Activity
Produce exactly the lines from the one holding "In this video, we" through the last line of the data below, with every picture left out.

Dataset excerpt
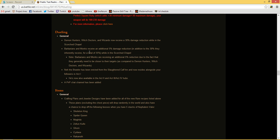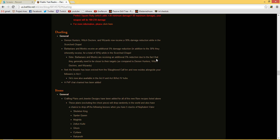Anyway, barbarians and monks receive an additional 5% damage reduction in addition to the 30%, for a total of 35% while in the PvP arena, again to make it fair. Note that barbarians and monks are receiving an additional 5% due to the fact that they generally need to be closer to their target.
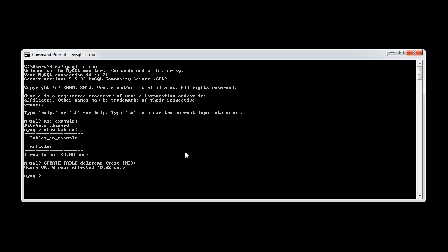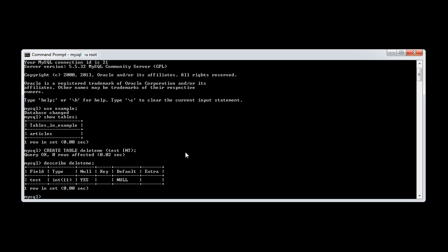Let's now describe delete me. You can see that we've got one field or one column in here with a type of int. So we want to drop this table.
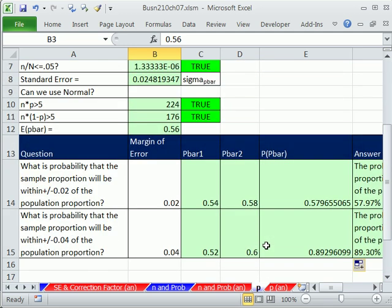In this video, we saw p-bar and the sampling distribution of p-bar, and that is our last video for Chapter 7. Do that homework, do all the video project examples, and we'll see you next chapter.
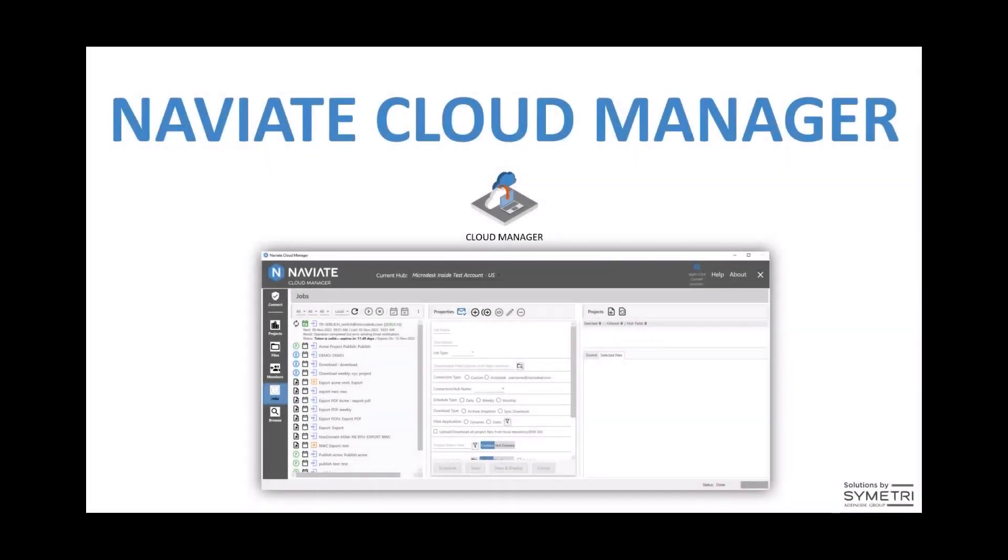We're going to talk about five different workflows that Naviate Cloud Manager can help you with when it comes to managing BIM 360 and ACC projects on the Autodesk Construction Cloud.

Task answer
In this video, we saw p-bar and the sampling distribution of p-bar, and that is our last video for Chapter 7. Do that homework, do all the video project examples, and we'll see you next chapter.
We're going to talk about five different workflows that Naviate Cloud Manager can help you with when it comes to managing BIM 360 and ACC projects on the Autodesk Construction Cloud.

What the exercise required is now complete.